3. Conditional Image Generation Stage
In the conditional image generation stage, the authors generate the final story images based on the layout and dense control conditions. The specific steps are as follows:
- Sparse Layout Control: The layout generated by the LLM controls the image generation process, ensuring that the generated images conform to the layout.
- Dense Control: T2I-Adapter is used to inject dense control conditions into the image generation process, further improving image quality.
- Identity Consistency Preservation: The Mix-of-Show method ensures that the generated character images remain consistent across different images.
4. Character Data Generation
To eliminate the burden of users collecting character data, the authors propose a training-free consistency modeling method by treating multi-view images as a video and jointly generating textures to ensure identity consistency. Additionally, the authors leverage 3D priors to generate diverse character images, ensuring that the generated data is both consistent and diverse.
Main Results and Conclusions
1. Main Results
Through experiments, the authors demonstrate the superiority of their method in generating high-quality, text-aligned, and identity-consistent story images. Whether users provide character images or only text input, the method can produce satisfactory results. The experimental results show that the method outperforms existing methods in both text-to-image similarity and image-to-image similarity.
2. Conclusions
The proposed AutoStory system combines large language models and large-scale text-to-image models to achieve high-quality, diverse, and consistent story image generation. This method not only reduces user workload but also eliminates the need for users to collect character data by automatically generating it. Experiments prove that the method outperforms existing methods in terms of generation quality and character consistency, and it can be easily generalized to different characters, scenes, and styles without requiring time-consuming large-scale training.
Highlights and Innovations of the Research
- Fully Automated Story Visualization Pipeline: AutoStory can generate diverse, high-quality, and consistent story images with minimal user input.
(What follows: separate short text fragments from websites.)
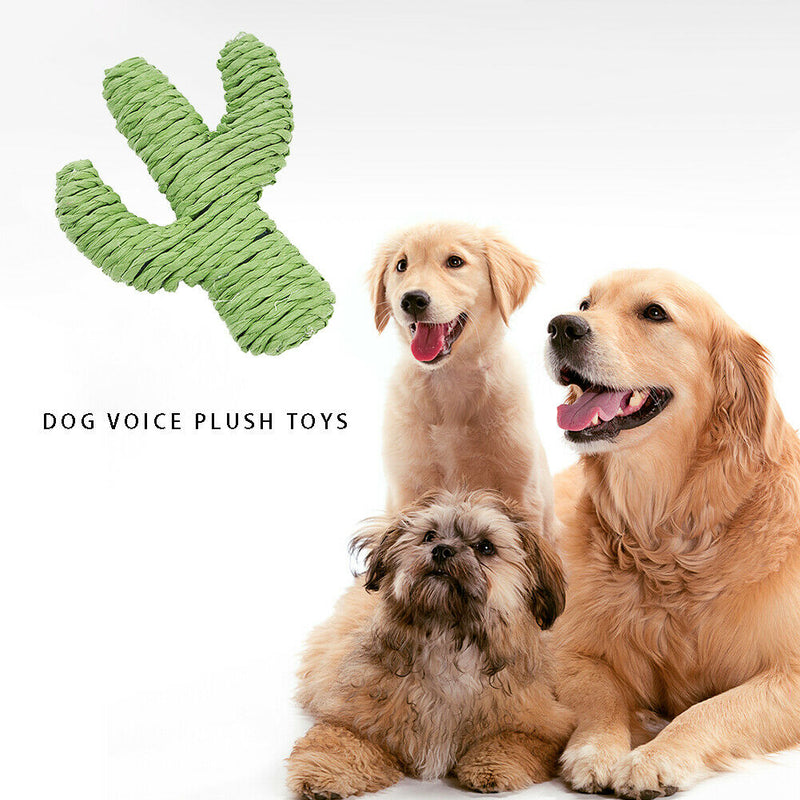 3pcs/set Rope Cactus Funny Dog Cat Molar Chew Bell Sound Toys Pet Supplies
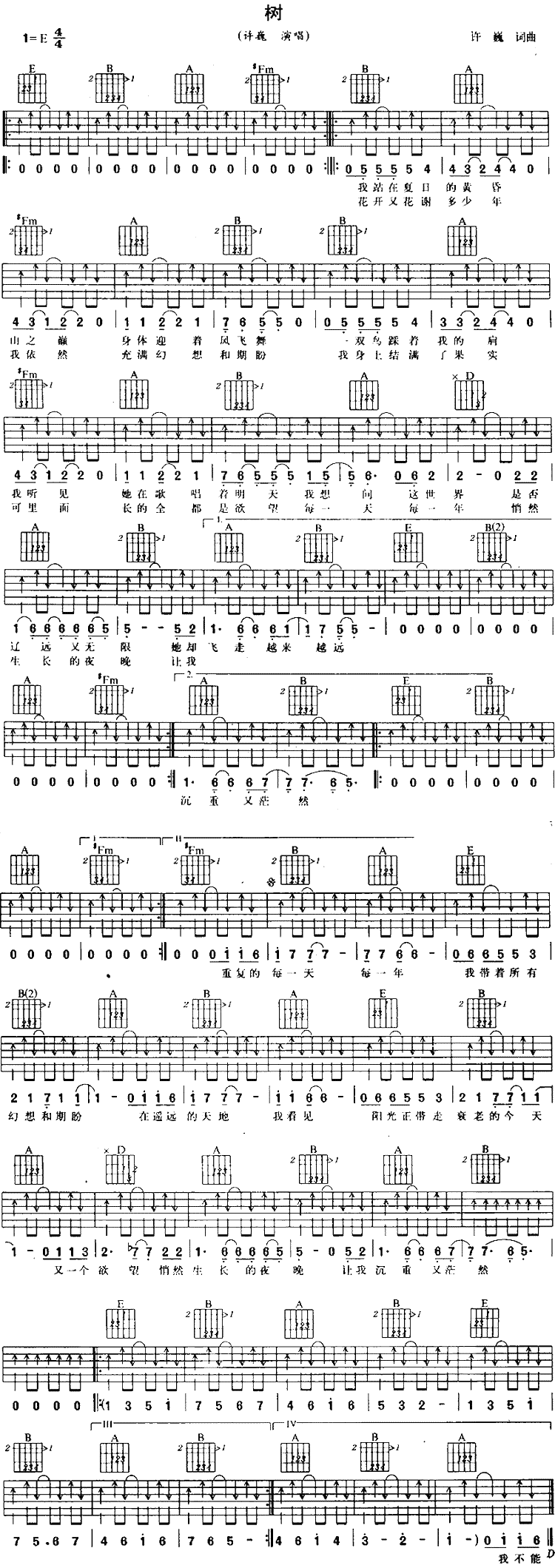 树吉他谱,原版许巍歌曲,简单E调弹唱教学,网络转载版六线指弹简谱图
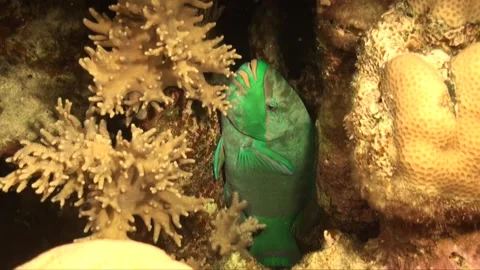 Green Parrotfish hiding between corals at night for protection and resting Video stock 207934154
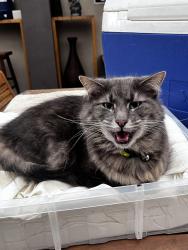 Lost Female Cat last seen Hotchkiss way Keilor downs, Keilor Downs, VIC 3038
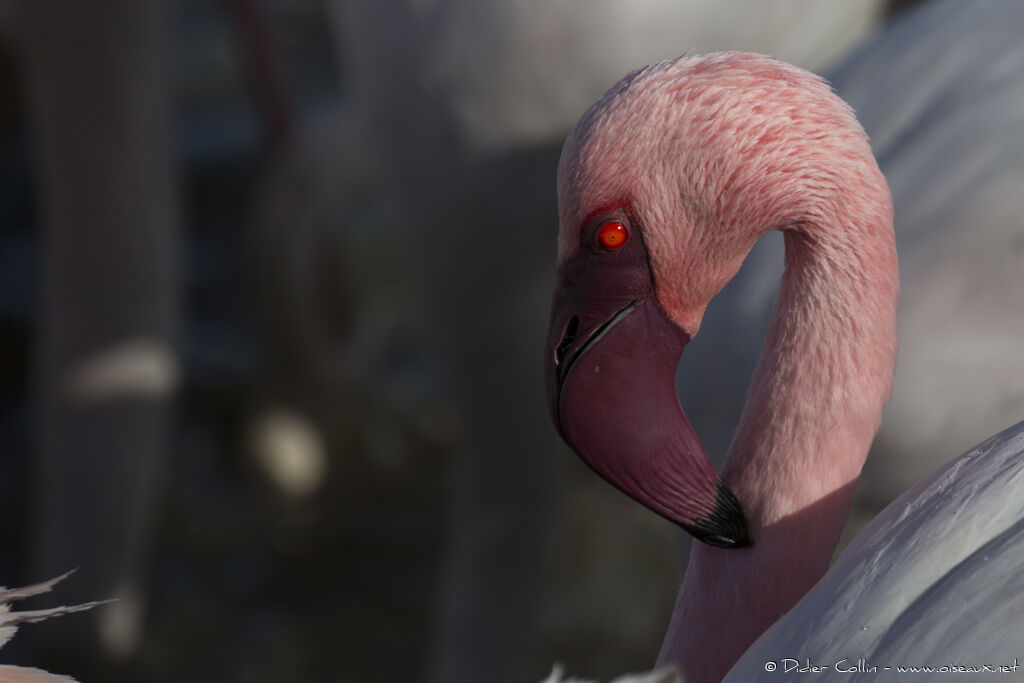 Flamant nain, identification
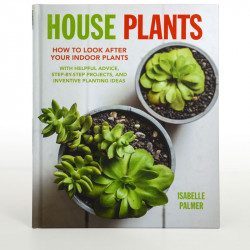 House Plants How to Look After Your Indoor Plants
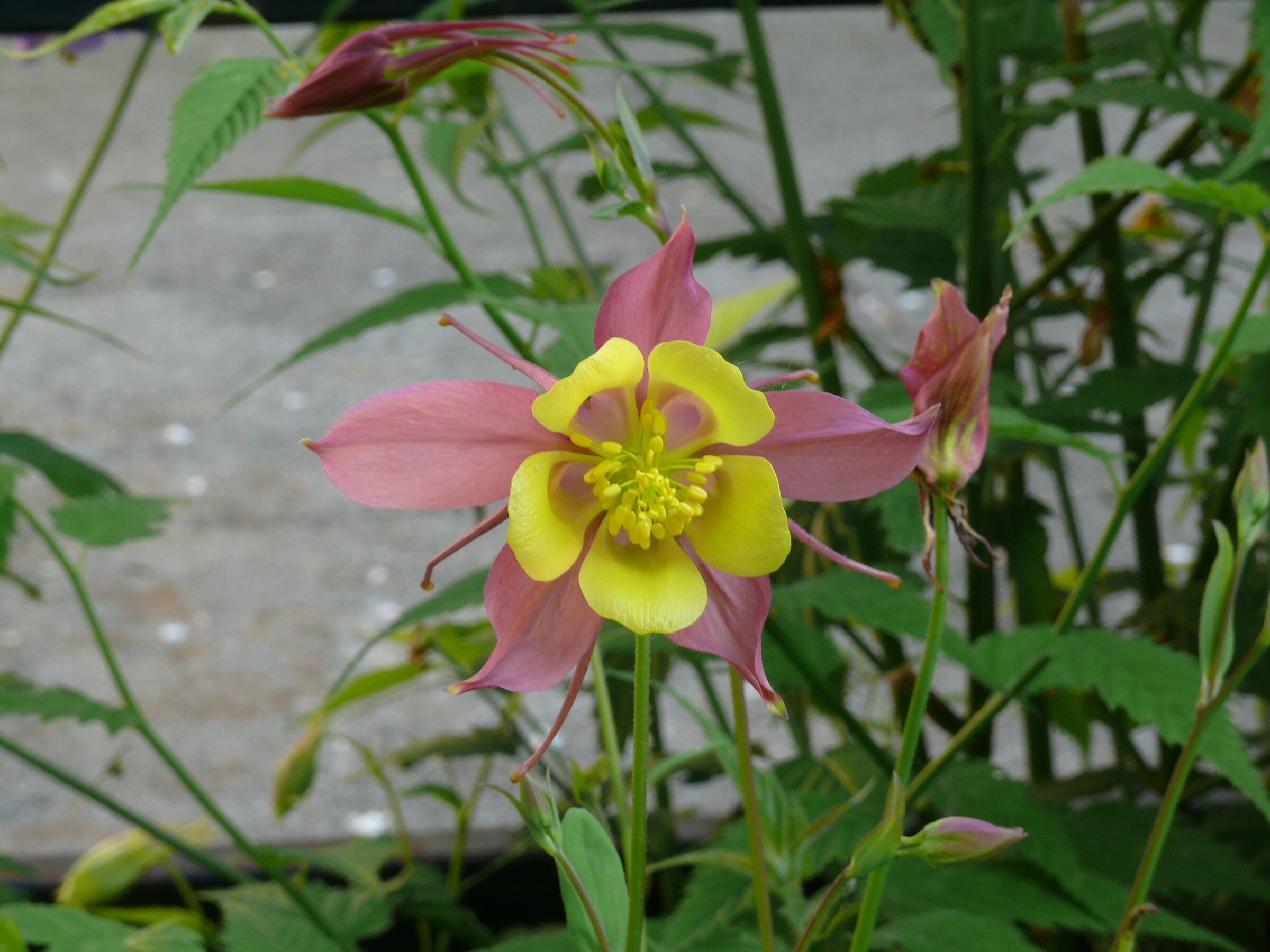 Aquilegia Alpina Bicolore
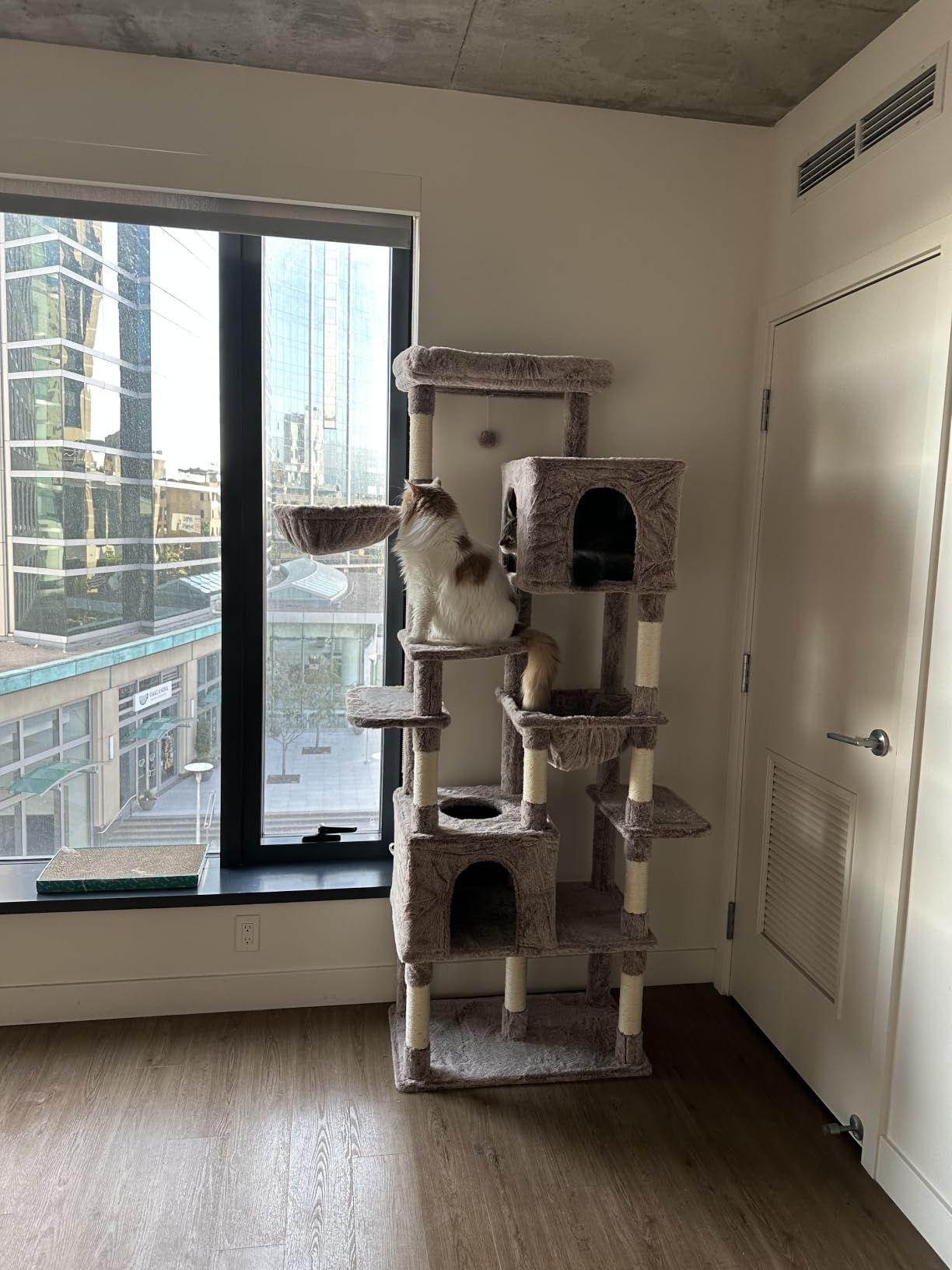 Heybly Cat Tree, 76-Inch Tall Heavy Duty Cat Tower for Big Cats HCT039G customer photo 1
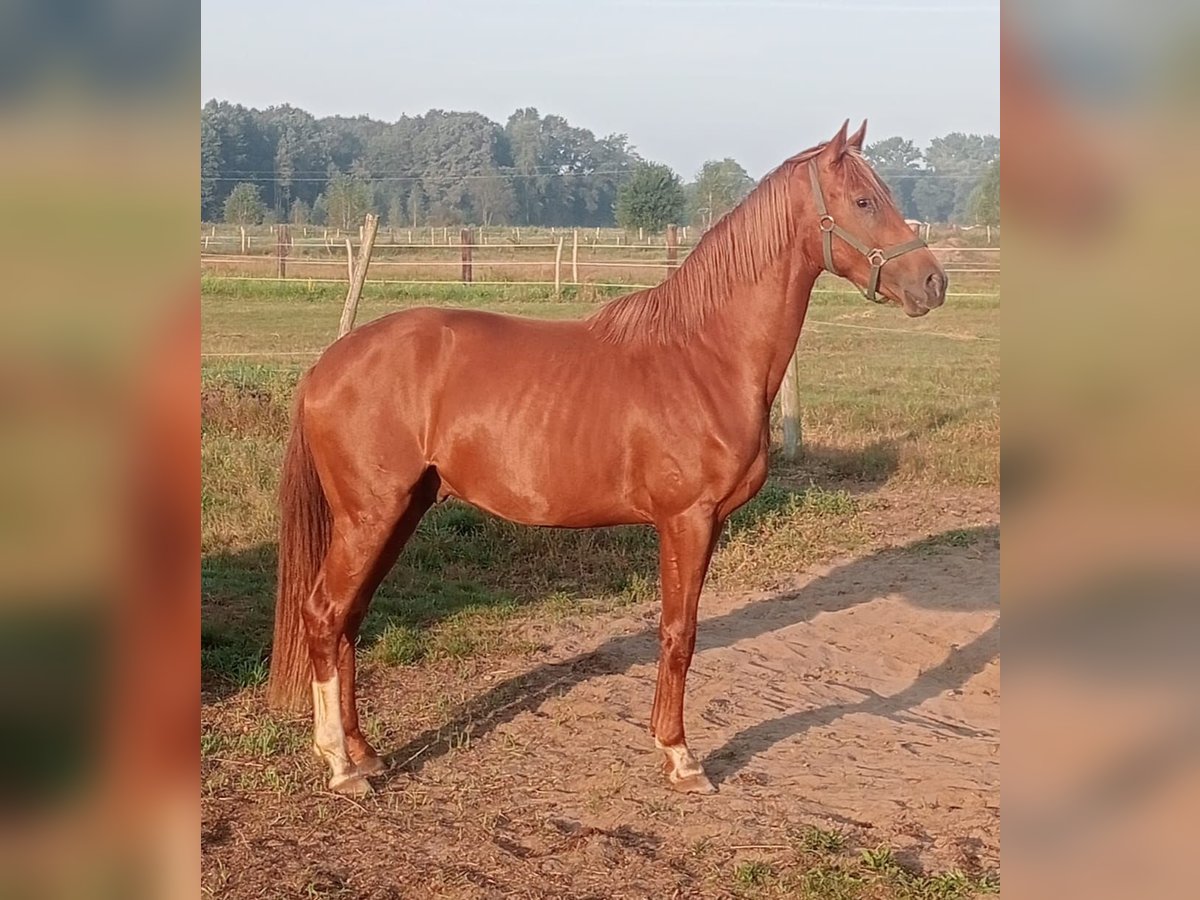 Caballo de deporte alemán Semental 3 años 165 cm Alazán-tostado in Zielona Gora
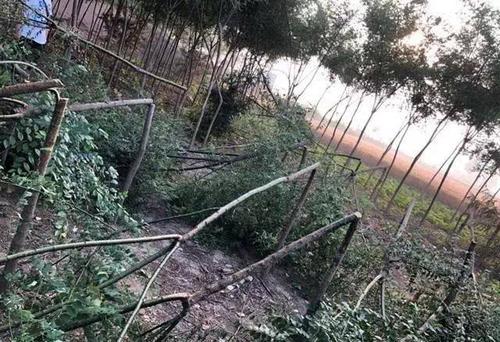 定州又发生砍树事件!50棵小树遭人砍断!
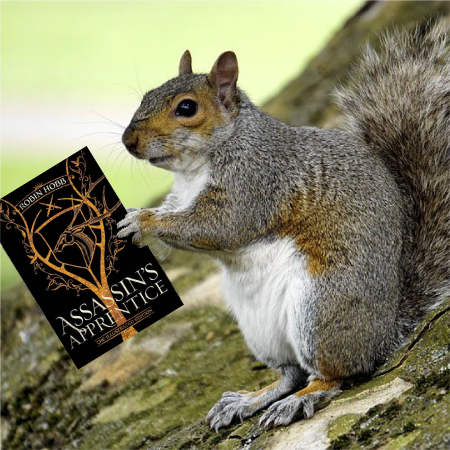 261018-ClosingSquirrel.png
- Combination of Sparse and Dense Control Conditions: Sparse control signals are used for layout generation, while dense control signals are used for high-quality image generation. A simple yet effective dense condition generation module is proposed.
- Multi-View Consistent Character Generation: A method is proposed to generate multi-view consistent character images without requiring users to draw or collect character images.
- Flexible User Interaction: Users can adjust the generated results through simple interactions, such as providing character images, adjusting layouts, or sketching.
Significance and Value of the Research
This research holds significant scientific and practical value in the field of story visualization. By combining large language models and large-scale text-to-image models, AutoStory not only improves the quality and consistency of image generation but also greatly reduces user workload. The method has broad application prospects in art creation, child education, and cultural heritage, providing users with rich visual expression tools.
Other Valuable Information
The paper also demonstrates the adaptability of AutoStory in various scenarios, such as generating characters with specific appearances, side views, zoomed-out views, environment-focused images, and characters with different emotions. Additionally, the authors explore the challenges of generating multi-character story images and propose future improvements, such as handling multi-character scenes by generating individual high-quality character images and stitching them into story images.
Through innovative methods and techniques, this paper brings new breakthroughs to the field of story visualization, showcasing the great potential of automated high-quality story image generation.